By Farooq A. Kperogi Twitter: @farooqkperogi Nigeria is a frail, imperfect patchwork of disparate nations that is perpetually on the brink o...

By Farooq A. Kperogi

Twitter: @farooqkperogi

Nigeria is a frail, imperfect patchwork of disparate nations that is perpetually on the brink of implosion on account of political and identitarian stressors. The past presidential election dramatizes the abiding fragility of Nigeria and the imperative to tweak our democratic practices in response to this fact.

When most people vote, they don’t vote as individuals. They don’t even vote as people. They often vote as members of a collective identity. I am not saying that this is the case for every voter. There are certainly exceptions. But it is the case that voting behaviors are often patterned along notions of the interests of collective identities.

This isn’t, by any means, unique to Nigeria. It’s a feature of all modern representative democracies, including in the United States, which sees itself, and is seen by others, as the patron saint of democracy. 

Here in the United States, political parties have devolved into more or less inflexible tribal groupings where merit is the last thing people consider when voting for political candidates. Identity is the most salient consideration in voting decisions.

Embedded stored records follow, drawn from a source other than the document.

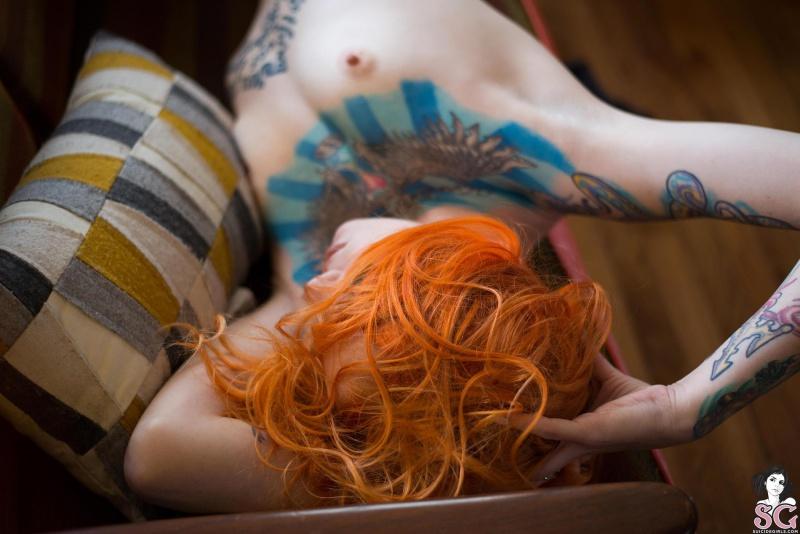 Ruiva gostosa e muito sensual peladinha mostrando os peitos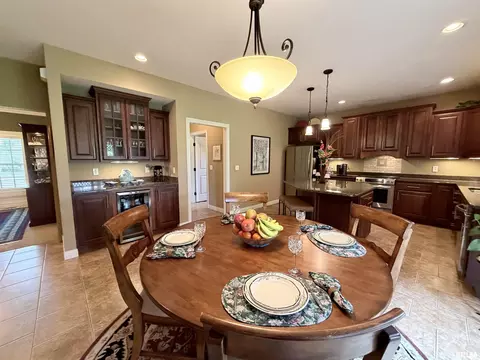 Dining - 11003 N Moonstone Ct, Dunlap, IL 61525 photo 8 of 9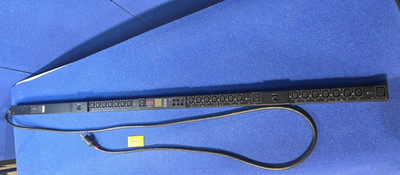 APC Schneider Electric AP8941 Switched Rack PDU Screen does not work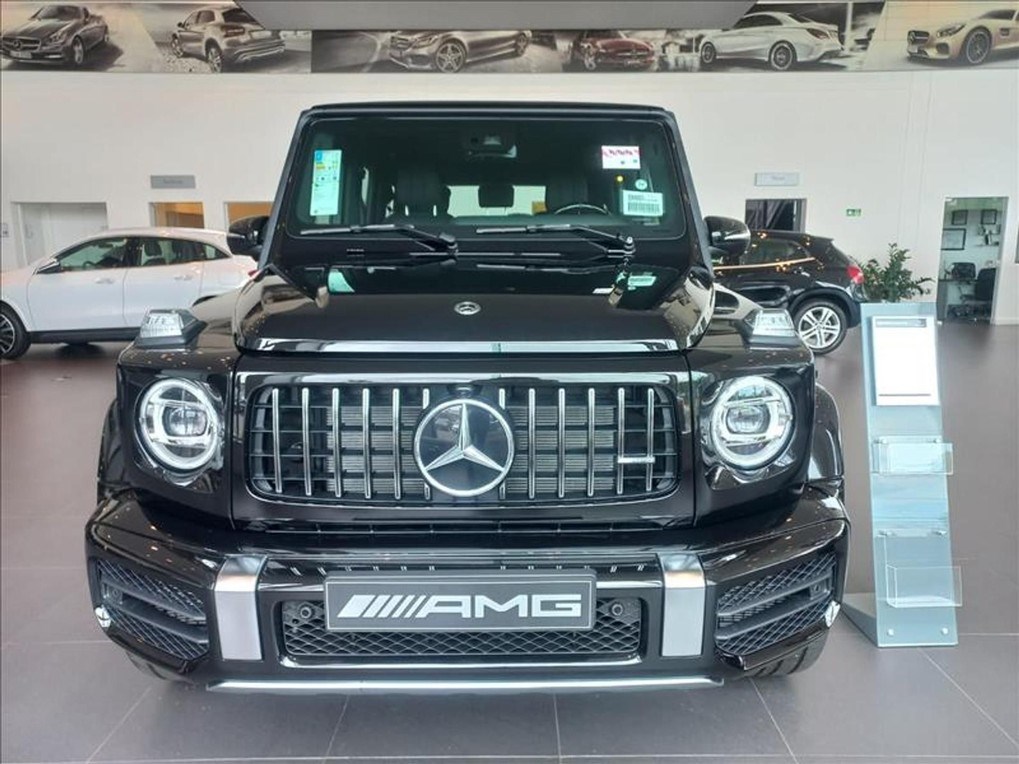 //www.autoline.com.br/carro/mercedes-benz/g-63-40-amg-4matic-32v-gasolina-4p-turbo-automatic/2024/sao-paulo-sp/23655749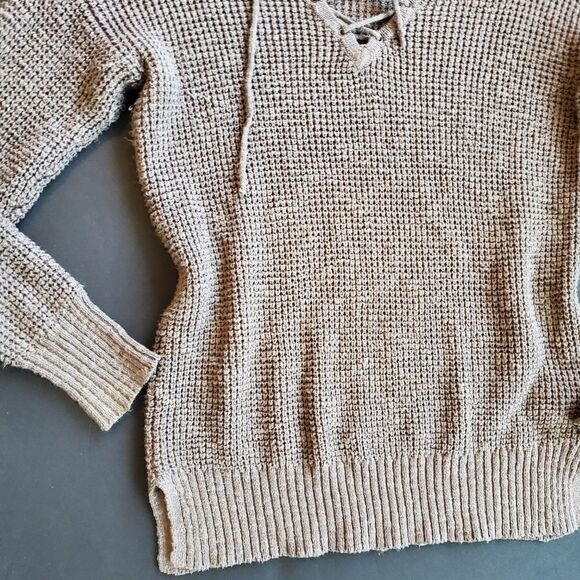 American Eagle Brown Open Knit Sweater - Picture 4 of 10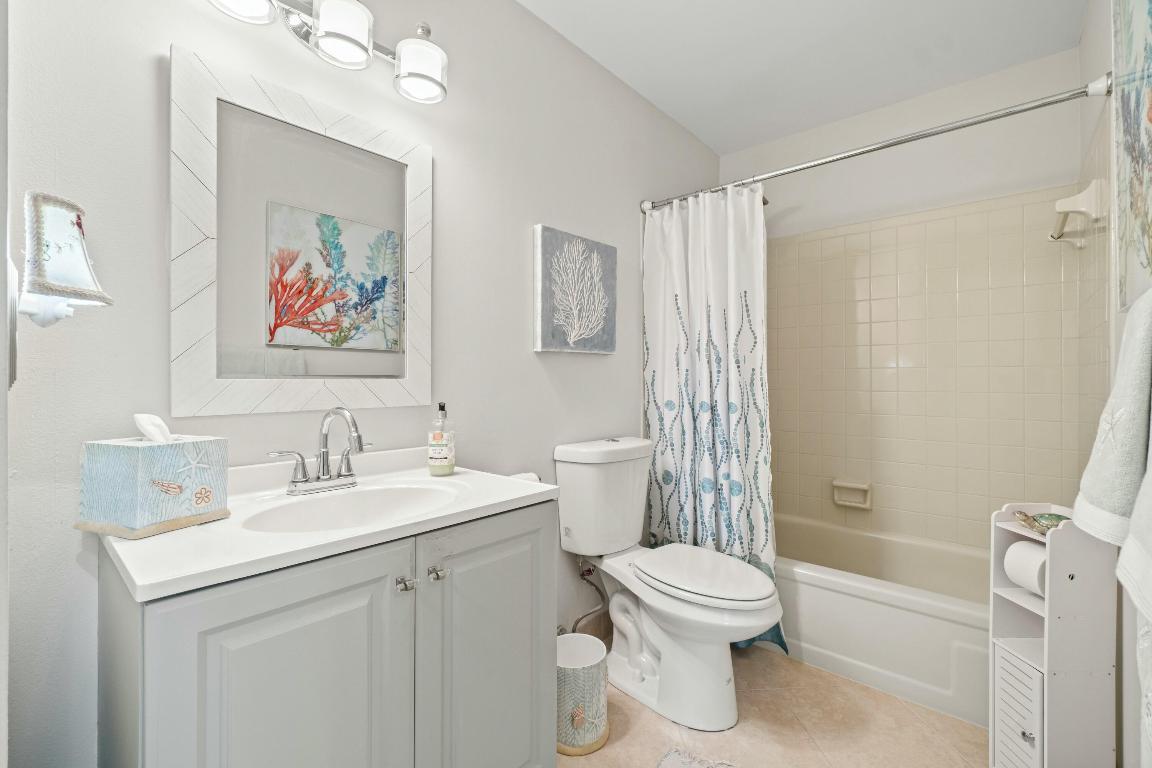 779 NW 30th Avenue D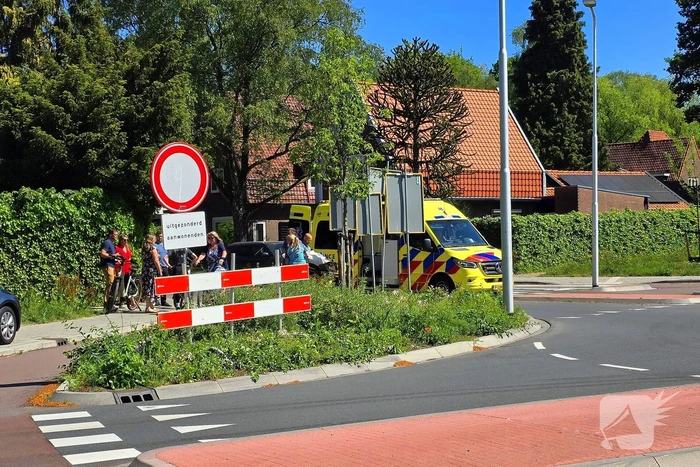 Wielrenner aangereden op rotonde , automobilist rijdt door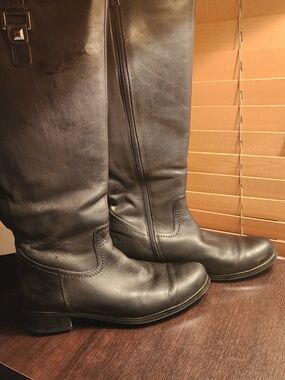 Women's Tall Leather Riding Boots in Black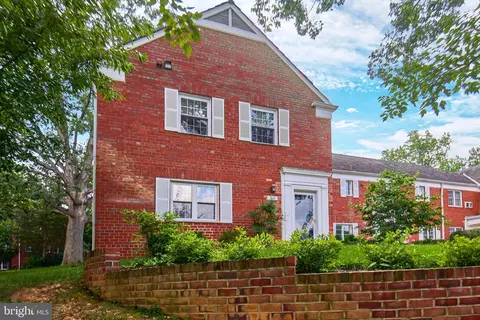3111 Valley Dr, Alexandria, VA 22302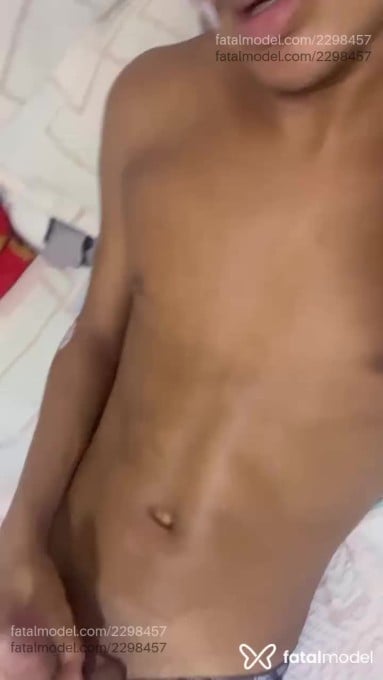 Acompanhante homem morena (o) de olhos pretos em Rio de Janeiro - Guilherme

 In states where Republicans dominate, as I pointed out last week, literal dogs that run as Republicans have 100 percent higher chances of being elected to political positions than the smartest Democratic candidates. The reverse is also true of states dominated by Democrats. Exceptions can be found in so-called battle-ground states where Democratic and Republican candidates have equal chances of winning statewide electoral contests. Such states are just a handful of America’s 50 states, typically no more than 10 in a generation.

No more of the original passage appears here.